(Provided data)

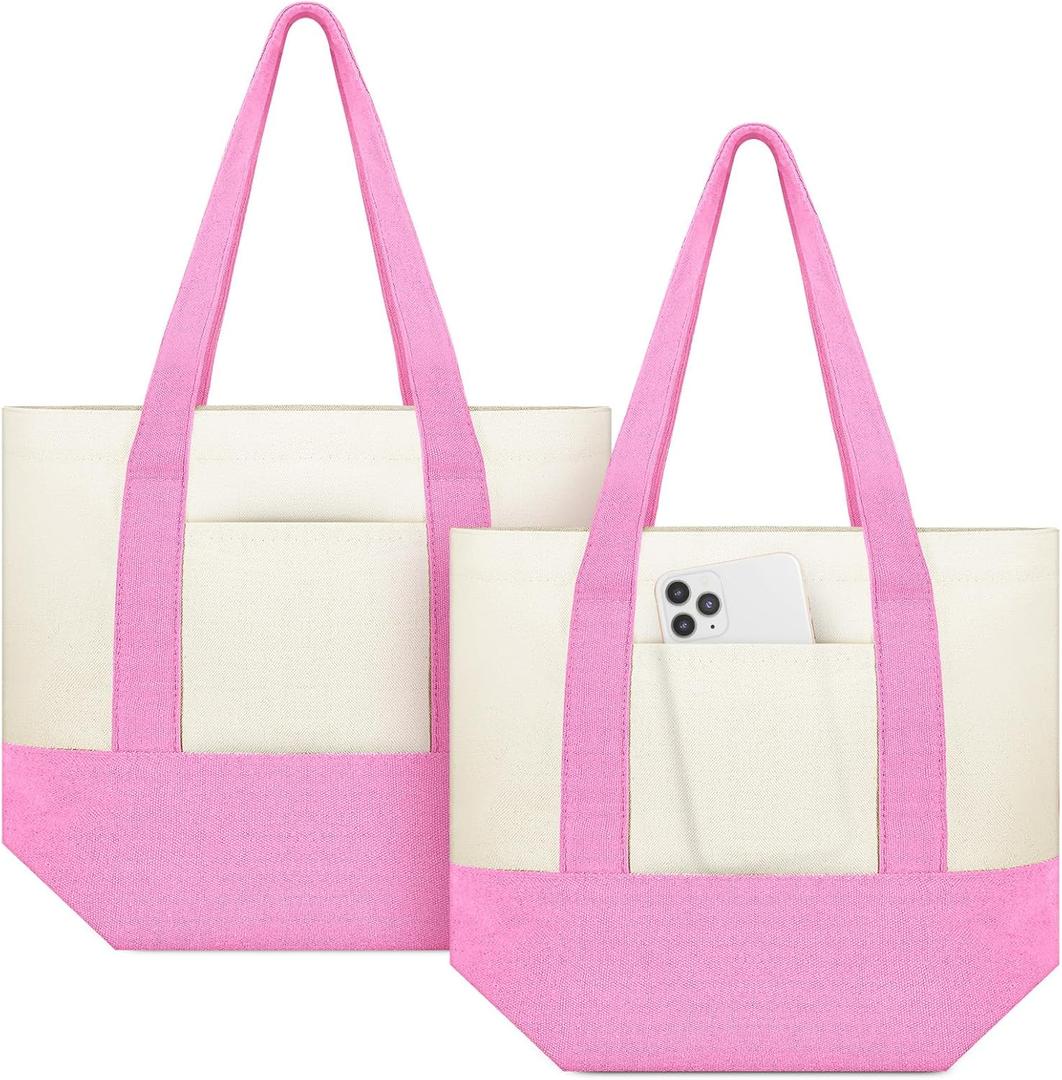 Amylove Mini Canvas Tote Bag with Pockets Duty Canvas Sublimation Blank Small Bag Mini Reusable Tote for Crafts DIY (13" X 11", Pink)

(End Provided data)
(Provided data)

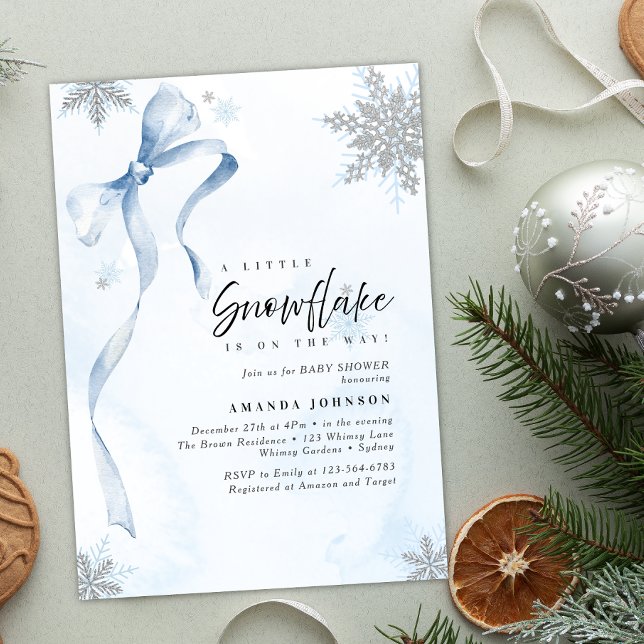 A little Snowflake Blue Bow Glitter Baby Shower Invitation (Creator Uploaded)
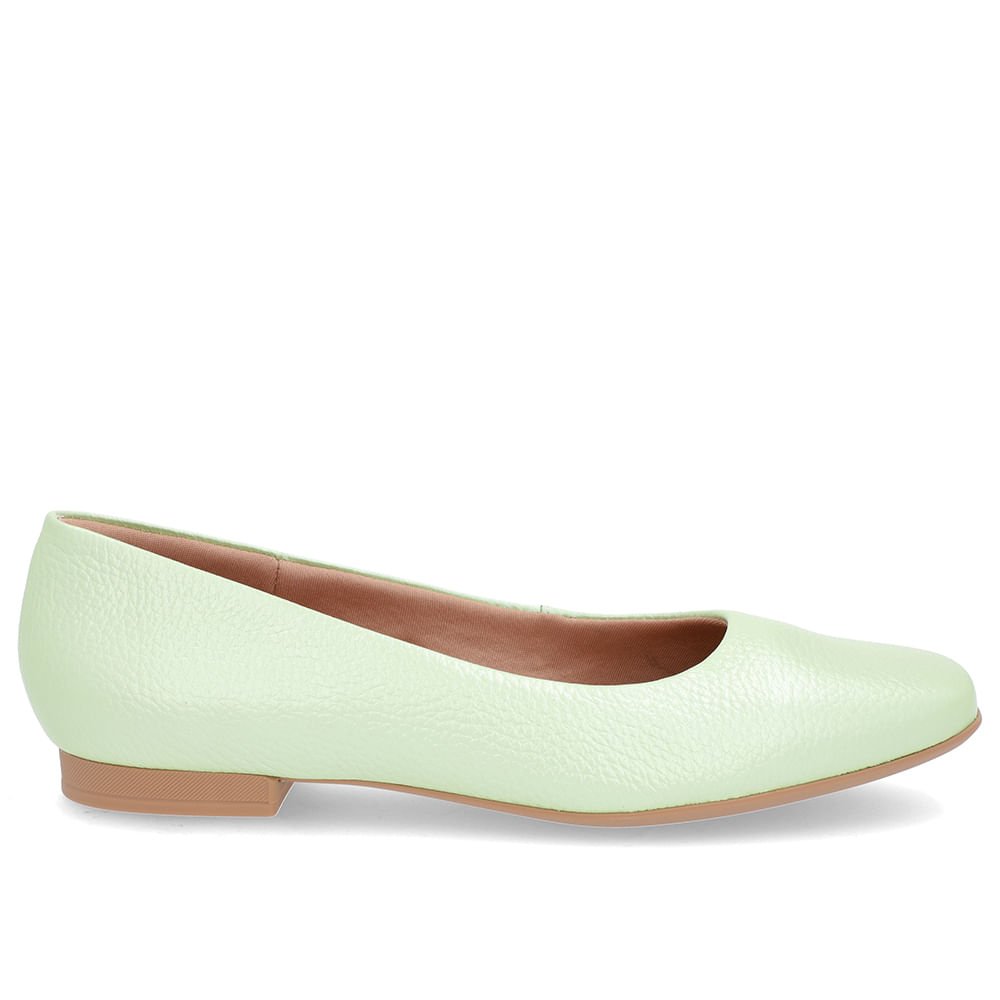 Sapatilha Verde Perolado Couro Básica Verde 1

(End Provided data)
(Provided data)

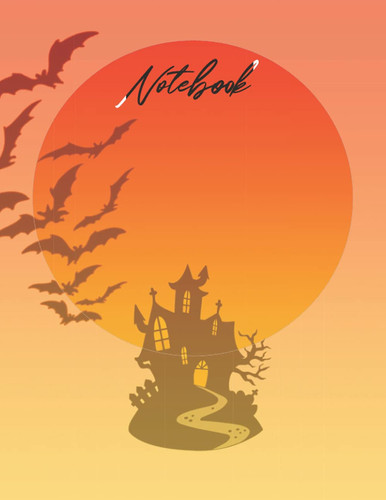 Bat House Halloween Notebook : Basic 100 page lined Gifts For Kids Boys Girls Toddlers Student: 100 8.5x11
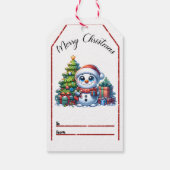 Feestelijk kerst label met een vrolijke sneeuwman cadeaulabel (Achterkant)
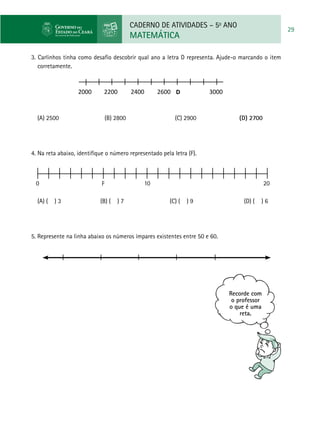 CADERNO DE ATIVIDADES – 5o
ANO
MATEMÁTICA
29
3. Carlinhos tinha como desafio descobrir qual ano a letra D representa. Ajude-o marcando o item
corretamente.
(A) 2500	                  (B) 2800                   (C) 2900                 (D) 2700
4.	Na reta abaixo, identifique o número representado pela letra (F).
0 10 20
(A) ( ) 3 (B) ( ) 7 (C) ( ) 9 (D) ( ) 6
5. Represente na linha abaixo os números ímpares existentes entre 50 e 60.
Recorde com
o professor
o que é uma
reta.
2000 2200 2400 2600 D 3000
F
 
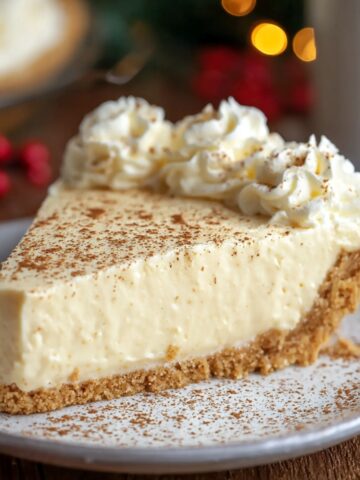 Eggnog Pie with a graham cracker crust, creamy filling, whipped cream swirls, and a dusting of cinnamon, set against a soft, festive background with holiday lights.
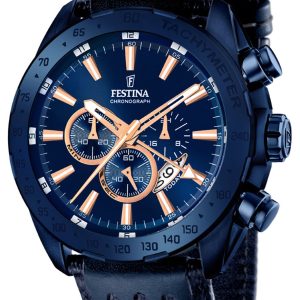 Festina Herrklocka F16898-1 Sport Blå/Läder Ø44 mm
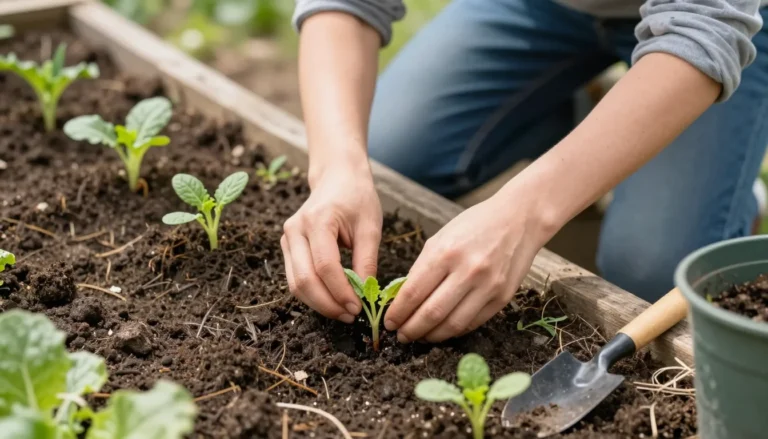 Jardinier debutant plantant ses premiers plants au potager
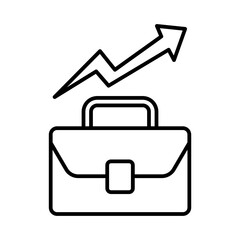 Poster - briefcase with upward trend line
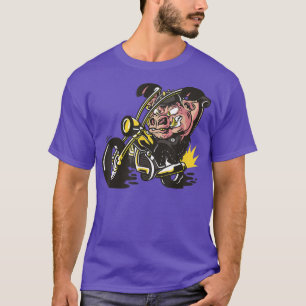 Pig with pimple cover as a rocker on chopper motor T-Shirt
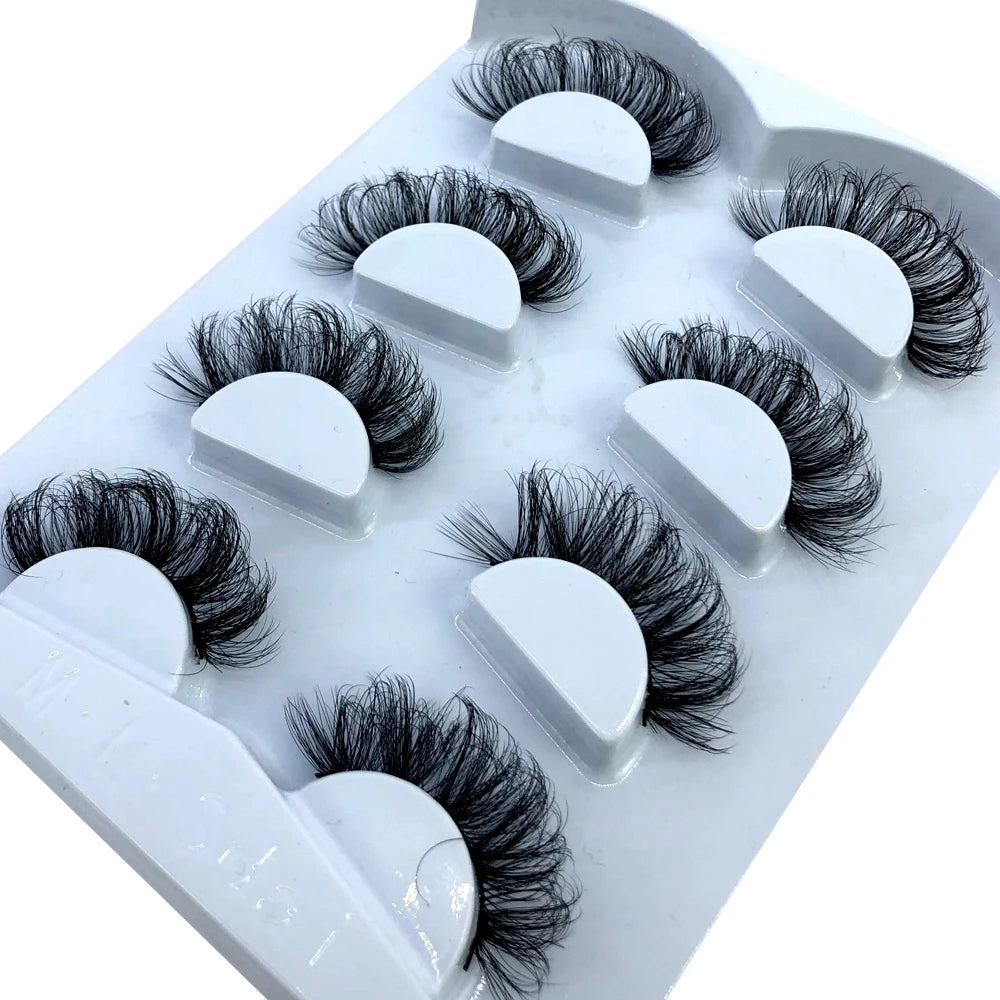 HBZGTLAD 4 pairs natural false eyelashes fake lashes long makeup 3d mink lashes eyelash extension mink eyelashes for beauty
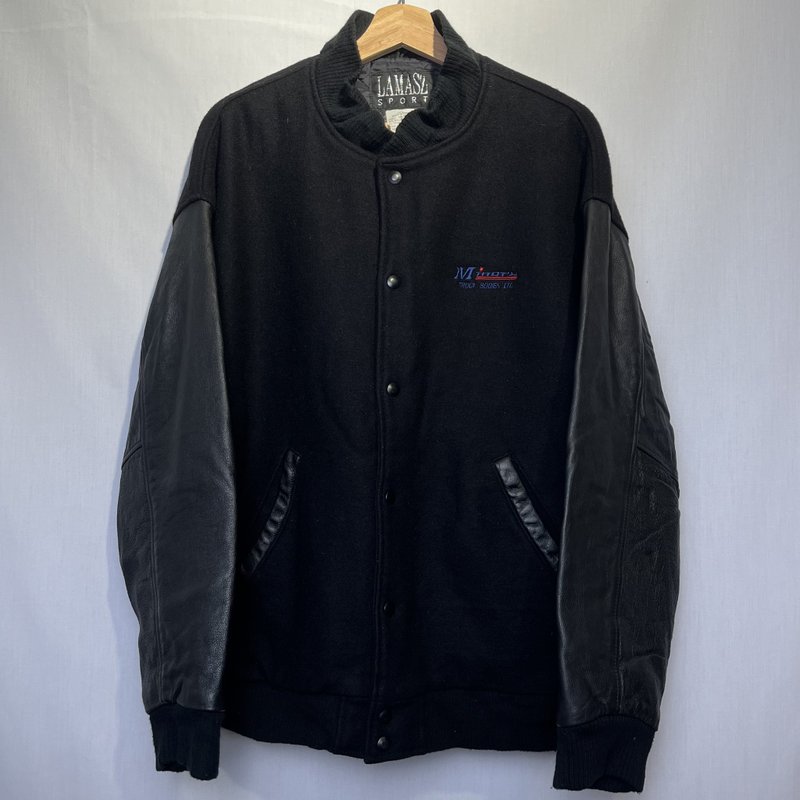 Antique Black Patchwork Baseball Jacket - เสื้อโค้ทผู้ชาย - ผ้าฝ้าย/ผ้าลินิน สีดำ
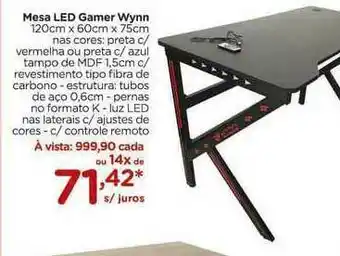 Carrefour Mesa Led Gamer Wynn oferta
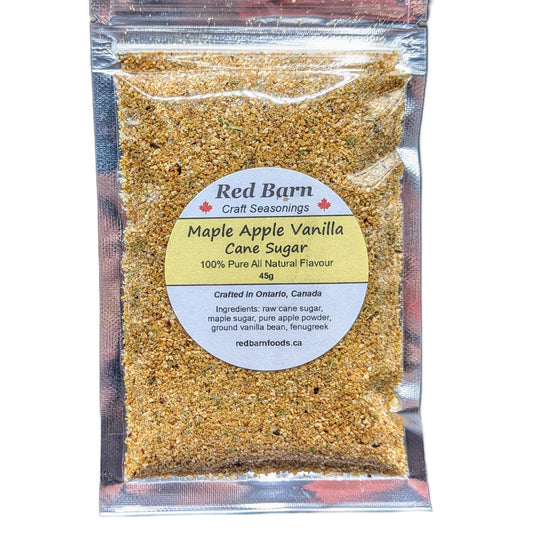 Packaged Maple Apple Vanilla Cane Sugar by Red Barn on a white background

(End Provided data)

**Required work**
Reproduce every line in the records above that contains the word "abaixo".

**Response to this exercise**
4.	Na reta abaixo, identifique o número representado pela letra (F).
5. Represente na linha abaixo os números ímpares existentes entre 50 e 60.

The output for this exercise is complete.